Extracted information below:

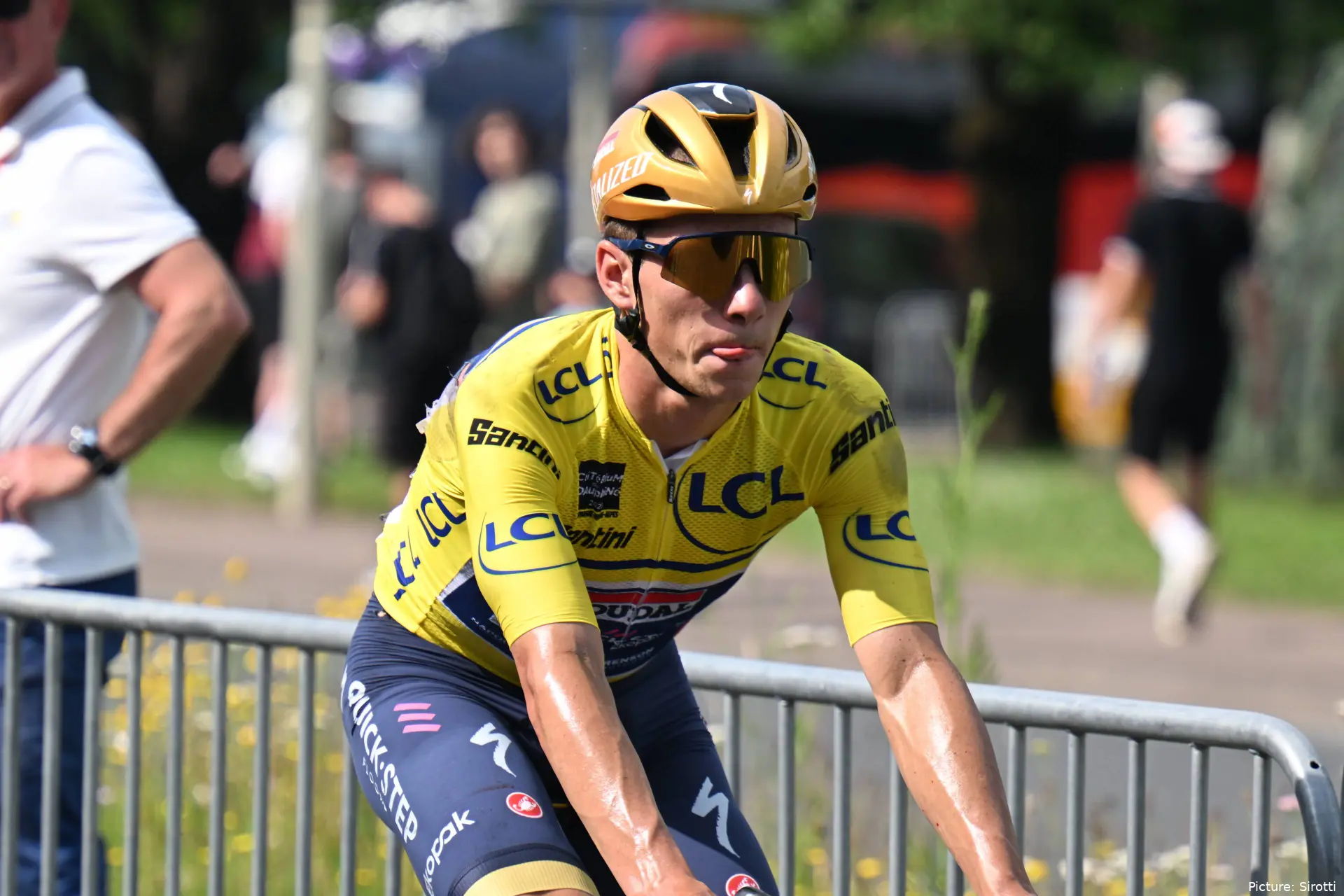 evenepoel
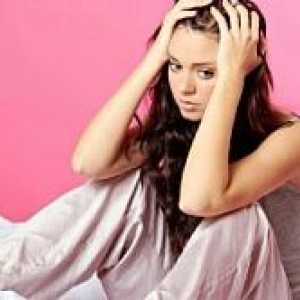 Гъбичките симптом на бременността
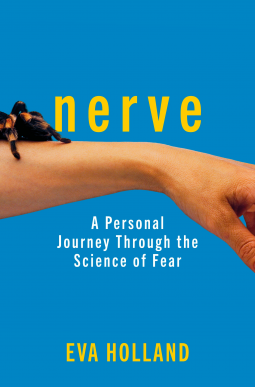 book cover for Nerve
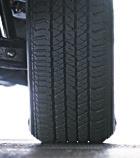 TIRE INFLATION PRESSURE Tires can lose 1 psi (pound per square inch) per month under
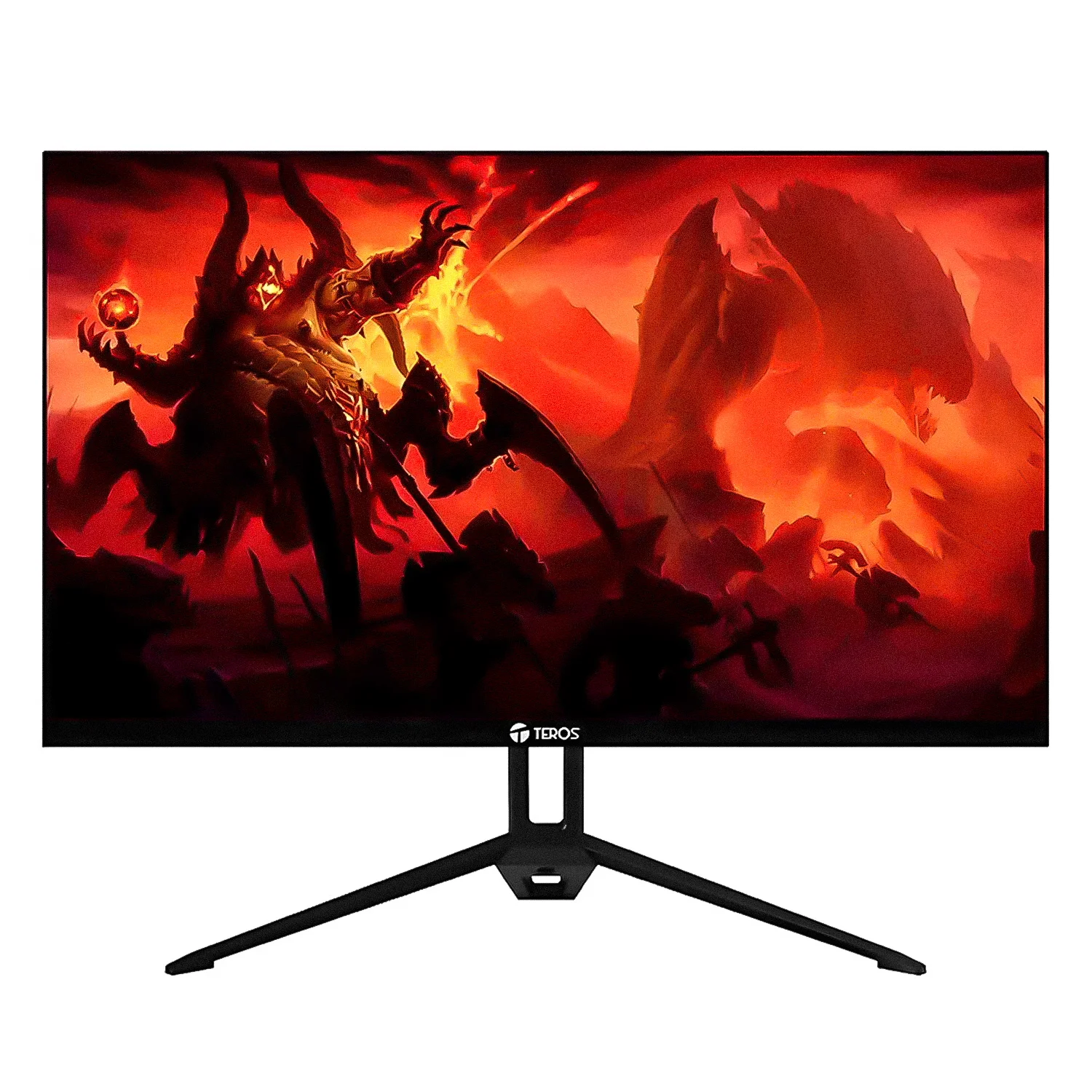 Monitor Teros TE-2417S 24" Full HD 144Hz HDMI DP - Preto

End of Extracted information.

Task item: The line containing "Гъбичките симптом на бременността" and all lines after it, through the last line of the records, should be returned exactly. Omit the pictures.

Solution below:
 Гъбичките симптом на бременността
 book cover for Nerve
 TIRE INFLATION PRESSURE Tires can lose 1 psi (pound per square inch) per month under
 Monitor Teros TE-2417S 24" Full HD 144Hz HDMI DP - Preto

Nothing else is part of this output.